Anggota Komisi VI DPR RI Bambang Haryo Soekartono mempertanyakan Anggaran Pendapatan dan Belanja Negara (APBN) 2018 yang telah diselundupi oleh Penyertaan Modal Negara (PMN) untuk PT Kereta Api Indonesia (Persero). Padahal PMN kepada PT KAI sebesar tiga triliun enam ratus miliar rupiah sudah jelas-jelas ditolak pada kesimpulan rapat kerja Komisi VI dengan Menteri BUMN RI atau yang mewakili, pada 23 Oktober lalu. 

 

Bambang menjelsakan, Komisi VI yang berkewenangan membahas PMN, jika Komisi VI menolak maka proses selanjutnya tidak bisa dilanjutkan. Karena keputusan komisi berkekuatan hukum, maka seharusnya PMN kepada PT KAI tidak masuk dalam APBN 2018. 

 

"Lah tau-tau kok malah muncul lagi, di rincian postur anggaran, maka tadi kami dari Komisi VI melakukan protes dan penolakan. Karena keputusan anggaran mitra itu ditentukan, diputuskan oleh komisi. Jadi tidak boleh di komisi sudah diputuskan A di Banggar atau di Pemerintah diputuskan beda.

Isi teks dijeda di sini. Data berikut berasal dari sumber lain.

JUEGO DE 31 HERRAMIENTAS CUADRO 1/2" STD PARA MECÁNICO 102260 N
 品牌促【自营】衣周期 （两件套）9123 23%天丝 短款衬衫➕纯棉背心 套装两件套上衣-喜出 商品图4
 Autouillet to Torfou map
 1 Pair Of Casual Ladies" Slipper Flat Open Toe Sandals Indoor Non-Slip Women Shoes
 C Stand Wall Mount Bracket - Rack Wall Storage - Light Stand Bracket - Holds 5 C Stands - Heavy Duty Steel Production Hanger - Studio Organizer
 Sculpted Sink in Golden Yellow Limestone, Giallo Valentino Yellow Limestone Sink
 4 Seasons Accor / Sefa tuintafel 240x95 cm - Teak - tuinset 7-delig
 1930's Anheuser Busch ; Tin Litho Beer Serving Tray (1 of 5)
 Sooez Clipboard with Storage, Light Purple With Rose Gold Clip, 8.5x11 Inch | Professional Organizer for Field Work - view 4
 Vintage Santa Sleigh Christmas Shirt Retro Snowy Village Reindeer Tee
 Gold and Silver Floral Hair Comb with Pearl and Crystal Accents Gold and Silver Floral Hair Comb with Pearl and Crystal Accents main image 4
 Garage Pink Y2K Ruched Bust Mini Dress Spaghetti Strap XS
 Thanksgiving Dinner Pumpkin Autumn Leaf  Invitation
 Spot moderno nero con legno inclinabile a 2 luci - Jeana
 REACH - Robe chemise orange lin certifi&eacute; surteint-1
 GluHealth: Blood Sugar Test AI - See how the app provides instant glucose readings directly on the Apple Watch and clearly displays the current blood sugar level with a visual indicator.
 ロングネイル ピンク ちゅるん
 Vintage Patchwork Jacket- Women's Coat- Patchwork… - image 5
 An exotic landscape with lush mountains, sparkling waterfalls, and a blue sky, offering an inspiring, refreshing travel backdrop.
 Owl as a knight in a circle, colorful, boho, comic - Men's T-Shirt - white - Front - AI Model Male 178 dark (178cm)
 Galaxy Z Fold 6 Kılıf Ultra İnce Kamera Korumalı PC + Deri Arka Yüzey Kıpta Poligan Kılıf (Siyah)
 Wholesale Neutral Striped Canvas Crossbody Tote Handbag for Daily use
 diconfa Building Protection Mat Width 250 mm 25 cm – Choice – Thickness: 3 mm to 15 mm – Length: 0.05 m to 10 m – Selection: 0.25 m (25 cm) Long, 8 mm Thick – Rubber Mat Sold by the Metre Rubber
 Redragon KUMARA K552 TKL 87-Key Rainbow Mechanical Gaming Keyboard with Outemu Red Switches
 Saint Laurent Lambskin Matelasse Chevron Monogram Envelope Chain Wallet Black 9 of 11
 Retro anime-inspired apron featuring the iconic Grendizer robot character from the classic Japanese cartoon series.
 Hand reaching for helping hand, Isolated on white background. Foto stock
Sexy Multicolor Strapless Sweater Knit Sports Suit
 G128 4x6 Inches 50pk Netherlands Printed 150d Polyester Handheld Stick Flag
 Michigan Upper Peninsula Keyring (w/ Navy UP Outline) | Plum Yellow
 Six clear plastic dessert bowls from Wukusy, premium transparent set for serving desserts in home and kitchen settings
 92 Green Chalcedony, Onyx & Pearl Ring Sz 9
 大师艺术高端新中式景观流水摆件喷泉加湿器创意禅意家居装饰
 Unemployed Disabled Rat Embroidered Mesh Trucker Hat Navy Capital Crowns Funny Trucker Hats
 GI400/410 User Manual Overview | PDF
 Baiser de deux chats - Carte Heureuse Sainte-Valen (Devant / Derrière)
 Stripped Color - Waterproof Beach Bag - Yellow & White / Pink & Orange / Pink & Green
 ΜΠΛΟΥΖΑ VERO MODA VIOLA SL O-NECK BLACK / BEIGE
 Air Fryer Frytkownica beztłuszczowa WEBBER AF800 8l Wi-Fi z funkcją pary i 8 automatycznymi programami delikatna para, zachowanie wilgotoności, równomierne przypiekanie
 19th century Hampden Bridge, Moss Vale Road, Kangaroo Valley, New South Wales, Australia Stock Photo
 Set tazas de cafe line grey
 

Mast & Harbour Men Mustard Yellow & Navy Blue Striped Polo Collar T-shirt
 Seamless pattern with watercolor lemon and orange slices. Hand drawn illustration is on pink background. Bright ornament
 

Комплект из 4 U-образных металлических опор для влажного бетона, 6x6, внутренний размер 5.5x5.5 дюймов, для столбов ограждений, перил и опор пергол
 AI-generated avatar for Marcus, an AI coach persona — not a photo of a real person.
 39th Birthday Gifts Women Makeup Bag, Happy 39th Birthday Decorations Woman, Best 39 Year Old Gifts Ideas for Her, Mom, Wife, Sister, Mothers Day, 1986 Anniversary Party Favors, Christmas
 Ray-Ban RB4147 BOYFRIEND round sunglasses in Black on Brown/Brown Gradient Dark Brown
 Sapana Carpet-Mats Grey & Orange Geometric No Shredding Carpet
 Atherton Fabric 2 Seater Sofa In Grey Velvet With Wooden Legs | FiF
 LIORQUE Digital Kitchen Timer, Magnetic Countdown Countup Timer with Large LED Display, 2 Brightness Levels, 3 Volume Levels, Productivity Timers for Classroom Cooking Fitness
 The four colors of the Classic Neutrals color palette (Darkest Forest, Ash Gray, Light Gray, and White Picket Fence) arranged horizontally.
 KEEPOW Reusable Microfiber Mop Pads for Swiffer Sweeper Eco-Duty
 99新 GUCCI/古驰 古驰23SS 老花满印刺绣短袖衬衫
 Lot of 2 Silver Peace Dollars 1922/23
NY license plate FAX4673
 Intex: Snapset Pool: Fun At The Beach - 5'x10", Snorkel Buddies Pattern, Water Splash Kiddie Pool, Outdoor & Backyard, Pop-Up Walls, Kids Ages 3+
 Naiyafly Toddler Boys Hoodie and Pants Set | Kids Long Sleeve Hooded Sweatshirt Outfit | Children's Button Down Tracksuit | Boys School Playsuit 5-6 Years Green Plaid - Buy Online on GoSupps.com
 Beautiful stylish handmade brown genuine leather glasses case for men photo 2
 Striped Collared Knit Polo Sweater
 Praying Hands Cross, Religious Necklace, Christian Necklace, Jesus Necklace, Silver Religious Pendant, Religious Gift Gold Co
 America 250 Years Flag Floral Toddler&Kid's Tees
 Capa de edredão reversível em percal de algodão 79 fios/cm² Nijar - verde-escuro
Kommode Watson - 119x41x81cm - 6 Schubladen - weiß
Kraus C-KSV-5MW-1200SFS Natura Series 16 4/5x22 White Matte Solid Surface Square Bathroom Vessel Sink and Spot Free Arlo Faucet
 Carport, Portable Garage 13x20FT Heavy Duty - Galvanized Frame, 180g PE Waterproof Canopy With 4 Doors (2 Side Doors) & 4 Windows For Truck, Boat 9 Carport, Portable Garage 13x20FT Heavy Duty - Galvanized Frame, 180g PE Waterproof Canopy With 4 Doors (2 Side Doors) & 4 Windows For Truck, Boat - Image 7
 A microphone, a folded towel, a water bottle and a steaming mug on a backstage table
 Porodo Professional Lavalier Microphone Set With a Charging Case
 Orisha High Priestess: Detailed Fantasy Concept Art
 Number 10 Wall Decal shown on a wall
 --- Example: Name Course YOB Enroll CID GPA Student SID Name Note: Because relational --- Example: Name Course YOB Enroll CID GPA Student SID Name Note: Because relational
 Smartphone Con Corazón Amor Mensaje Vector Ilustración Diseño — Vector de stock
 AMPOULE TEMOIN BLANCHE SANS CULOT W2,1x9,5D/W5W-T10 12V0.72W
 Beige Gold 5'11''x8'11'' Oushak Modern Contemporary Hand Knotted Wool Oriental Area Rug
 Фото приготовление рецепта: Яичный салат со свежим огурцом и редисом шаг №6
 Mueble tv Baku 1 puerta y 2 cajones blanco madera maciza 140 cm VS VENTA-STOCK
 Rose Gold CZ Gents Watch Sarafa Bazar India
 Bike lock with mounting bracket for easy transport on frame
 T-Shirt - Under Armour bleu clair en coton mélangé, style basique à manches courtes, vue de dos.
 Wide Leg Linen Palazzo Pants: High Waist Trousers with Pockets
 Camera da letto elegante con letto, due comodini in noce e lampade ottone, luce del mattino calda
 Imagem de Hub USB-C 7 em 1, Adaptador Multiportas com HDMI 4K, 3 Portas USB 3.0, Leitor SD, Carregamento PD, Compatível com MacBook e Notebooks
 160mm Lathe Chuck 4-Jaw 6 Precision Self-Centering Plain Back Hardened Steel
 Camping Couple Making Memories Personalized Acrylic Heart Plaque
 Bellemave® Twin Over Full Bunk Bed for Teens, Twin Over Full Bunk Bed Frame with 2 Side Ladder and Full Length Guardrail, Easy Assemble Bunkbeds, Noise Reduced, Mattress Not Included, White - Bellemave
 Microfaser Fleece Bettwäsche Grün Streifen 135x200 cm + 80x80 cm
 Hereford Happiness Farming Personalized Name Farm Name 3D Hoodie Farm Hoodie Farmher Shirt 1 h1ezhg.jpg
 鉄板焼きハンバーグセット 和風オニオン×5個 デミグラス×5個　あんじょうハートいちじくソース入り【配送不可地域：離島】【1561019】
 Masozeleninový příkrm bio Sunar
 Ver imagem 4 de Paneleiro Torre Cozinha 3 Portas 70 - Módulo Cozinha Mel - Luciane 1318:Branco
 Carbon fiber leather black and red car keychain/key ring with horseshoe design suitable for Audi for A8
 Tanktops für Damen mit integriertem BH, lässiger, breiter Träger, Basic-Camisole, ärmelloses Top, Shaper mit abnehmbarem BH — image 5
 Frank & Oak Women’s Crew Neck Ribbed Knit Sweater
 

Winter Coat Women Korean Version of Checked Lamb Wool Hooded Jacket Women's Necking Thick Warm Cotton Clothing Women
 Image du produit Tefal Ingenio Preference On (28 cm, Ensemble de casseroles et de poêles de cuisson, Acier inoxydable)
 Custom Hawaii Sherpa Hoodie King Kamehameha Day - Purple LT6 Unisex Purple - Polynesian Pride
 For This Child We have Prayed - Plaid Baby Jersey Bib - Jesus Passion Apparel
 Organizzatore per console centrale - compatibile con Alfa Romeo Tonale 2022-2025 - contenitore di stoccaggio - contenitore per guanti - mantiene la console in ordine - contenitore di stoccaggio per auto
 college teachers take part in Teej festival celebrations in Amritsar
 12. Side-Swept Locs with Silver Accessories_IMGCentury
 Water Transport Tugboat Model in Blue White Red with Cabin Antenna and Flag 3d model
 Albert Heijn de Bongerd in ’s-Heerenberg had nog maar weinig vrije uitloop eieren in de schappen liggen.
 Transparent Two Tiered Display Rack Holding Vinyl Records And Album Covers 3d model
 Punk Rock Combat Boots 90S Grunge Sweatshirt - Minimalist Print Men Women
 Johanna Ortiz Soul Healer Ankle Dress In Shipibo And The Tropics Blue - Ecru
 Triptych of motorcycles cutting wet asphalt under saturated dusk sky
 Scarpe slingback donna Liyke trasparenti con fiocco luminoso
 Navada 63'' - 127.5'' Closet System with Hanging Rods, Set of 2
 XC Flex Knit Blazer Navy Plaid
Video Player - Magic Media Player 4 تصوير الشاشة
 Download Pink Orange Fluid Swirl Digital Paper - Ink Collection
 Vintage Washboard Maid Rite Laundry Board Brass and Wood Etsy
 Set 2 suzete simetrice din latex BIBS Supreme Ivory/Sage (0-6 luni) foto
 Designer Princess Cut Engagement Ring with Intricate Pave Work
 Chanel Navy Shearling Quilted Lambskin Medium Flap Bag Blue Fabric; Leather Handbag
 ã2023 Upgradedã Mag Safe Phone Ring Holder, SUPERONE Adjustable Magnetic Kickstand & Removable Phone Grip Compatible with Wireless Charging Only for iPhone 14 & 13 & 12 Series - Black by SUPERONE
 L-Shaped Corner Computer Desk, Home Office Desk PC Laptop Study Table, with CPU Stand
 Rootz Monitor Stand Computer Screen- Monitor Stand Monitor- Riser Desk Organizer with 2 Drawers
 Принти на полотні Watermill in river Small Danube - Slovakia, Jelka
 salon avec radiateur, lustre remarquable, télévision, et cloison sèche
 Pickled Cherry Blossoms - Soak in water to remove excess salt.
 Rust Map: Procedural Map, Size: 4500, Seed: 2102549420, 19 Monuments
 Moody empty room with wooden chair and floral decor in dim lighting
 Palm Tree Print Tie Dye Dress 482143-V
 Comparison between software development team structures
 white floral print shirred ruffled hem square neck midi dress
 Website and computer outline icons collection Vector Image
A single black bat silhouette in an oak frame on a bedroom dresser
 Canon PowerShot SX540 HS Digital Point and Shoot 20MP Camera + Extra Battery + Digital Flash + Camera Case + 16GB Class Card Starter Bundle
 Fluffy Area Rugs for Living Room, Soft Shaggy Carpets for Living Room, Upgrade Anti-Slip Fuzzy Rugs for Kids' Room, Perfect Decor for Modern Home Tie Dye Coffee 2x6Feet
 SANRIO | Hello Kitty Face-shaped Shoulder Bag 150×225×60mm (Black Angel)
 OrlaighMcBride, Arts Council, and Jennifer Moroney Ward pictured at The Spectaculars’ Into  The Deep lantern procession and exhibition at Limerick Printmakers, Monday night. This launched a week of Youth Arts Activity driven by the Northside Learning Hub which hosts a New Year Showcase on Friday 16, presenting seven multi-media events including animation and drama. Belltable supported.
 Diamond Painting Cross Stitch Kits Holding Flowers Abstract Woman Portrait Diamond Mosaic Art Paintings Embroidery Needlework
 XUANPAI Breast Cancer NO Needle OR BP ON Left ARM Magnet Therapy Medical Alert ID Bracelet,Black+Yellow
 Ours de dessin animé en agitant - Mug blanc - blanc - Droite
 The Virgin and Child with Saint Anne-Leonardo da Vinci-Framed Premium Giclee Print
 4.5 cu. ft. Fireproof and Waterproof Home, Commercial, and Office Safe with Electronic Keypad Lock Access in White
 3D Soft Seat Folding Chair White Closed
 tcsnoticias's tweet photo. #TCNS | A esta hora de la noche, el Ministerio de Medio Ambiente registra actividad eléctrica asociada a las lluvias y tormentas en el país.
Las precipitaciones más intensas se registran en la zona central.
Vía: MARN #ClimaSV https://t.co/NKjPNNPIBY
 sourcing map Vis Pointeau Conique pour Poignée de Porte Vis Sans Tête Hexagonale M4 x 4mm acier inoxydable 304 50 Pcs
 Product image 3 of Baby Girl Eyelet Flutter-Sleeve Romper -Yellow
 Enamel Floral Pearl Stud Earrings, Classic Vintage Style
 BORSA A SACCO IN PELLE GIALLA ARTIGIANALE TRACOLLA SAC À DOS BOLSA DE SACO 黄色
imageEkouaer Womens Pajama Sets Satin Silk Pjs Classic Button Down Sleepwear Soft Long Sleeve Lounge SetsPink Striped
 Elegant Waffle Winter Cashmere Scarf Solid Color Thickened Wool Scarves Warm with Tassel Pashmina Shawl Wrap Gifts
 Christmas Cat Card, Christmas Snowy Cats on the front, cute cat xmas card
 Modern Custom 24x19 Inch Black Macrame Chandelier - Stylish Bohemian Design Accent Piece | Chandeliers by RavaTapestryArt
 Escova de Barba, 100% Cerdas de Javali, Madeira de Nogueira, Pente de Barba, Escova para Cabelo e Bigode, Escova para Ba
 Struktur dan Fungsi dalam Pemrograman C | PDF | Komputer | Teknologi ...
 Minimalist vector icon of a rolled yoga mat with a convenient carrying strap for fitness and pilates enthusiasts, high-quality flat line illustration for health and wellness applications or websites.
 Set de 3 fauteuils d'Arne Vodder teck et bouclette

Berarti ini melanggar undang-undang, karena yang melindungi kewenangan komisi ini adalah Undang-Undang MD3, dan juga ada Keputusan MKD, Komisi VI yang berkewajiban membahas PMN," papar Bambang saat diwawancarai sesaat setelah rapat paripurna, Rabu (25/10/2017). 

 

Menurut Bambang, Komisi VI yang diwakili oleh 10 Fraksi sudah menolak PNM untuk PT KAI, tapi anehnya ketika masuk di Banggar dan di Paripurna PMN justru masuk lagi. "Jadi ini gak benar, makanya ditolak oleh seluruh anggota yang ada di Komisi VI, yang diwakili masing-masing fraksi itu semuanya menolak. 10 farksi menolak termasuk Fraksi PDI P," ungkapnya. 

 

Menurut Bambang, Komisi VI selalu berpikiran anggaran harus bisa betul-betul bermanfaat untuk rakyat. Politisi Fraksi Partai Gerindra ini mengatakan kalau memang mau dicantumkan dalam postur APBN 2018, maka harus dibahas ulang untuk disahkan. "Selaku Komisi VI, kami menekankan untuk dicabut dulu, dan dibahas ulang. Jadi seharusnya tidak boleh menjadi undang-undang dulu, dicoret dari APBN 2018, itu melanggar undang-undang," tandas Bambang. 

 

Penolakan PMN ini sangat beralasan karena pada PMN 2015 sebesar 2 triliun rupiah belum terserap. Bambang merasa prihatin, pada kondisi perekonomian negara yang tidak baik malah justru diberikan beban untuk penyertaan modal negara. 

 

"Alasan yang kedua adalah kita ini dalam kondisi short fall, atau kesulitan anggaran pendapatan, dari sisi perpajakan dan sebagainya, sehingga utang kita pasti akan bertambah di akhir tahun ini. Bertambah kurang lebih sekitar 200 triliun," jelas Bambang. (eko/sc),

BERITA TERKAIT
Asep Wahyuwijaya Sepakat Perampingan BUMN Demi Bangun Iklim Bisnis Produktif
09-01-2025 / KOMISI VI
PARLEMENTARIA, Jakarta - Menteri Badan Usaha Milik Negara (BUMN) Erick Thohir berencana akan melakukan rasionalisasi BUMN pada tahun 2025. Salah...
147 Aset Senilai Rp3,32 T Raib, Komisi VI Segera Panggil Pimpinan ID FOOD
09-01-2025 / KOMISI VI
PARLEMENTARIA, Jakarta - Badan Pemeriksa Keuangan (BPK) mengungkapkan raibnya 147 aset BUMN ID Food senilai Rp3,32 triliun. Menanggapi laporan tersebut,...
Herman Khaeron: Kebijakan Kenaikan PPN Difokuskan untuk Barang Mewah dan Pro-Rakyat
24-12-2024 / KOMISI VI
PARLEMENTARIA, Jakarta - Kenaikan Pajak Pertambahan Nilai (PPN) menjadi 12 persen akan mulai berlaku per 1 Januari 2025. Keputusan ini...
Herman Khaeron: Kebijakan PPN 12 Persen Harus Sejalan dengan Perlindungan Masyarakat Rentan
24-12-2024 / KOMISI VI
PARLEMENTARIA, Jakarta - Anggota Komisi VI DPR RI Herman Khaeron menyoroti pentingnya keberimbangan dalam implementasi kebijakan kenaikan Pajak Pertambahan Nilai...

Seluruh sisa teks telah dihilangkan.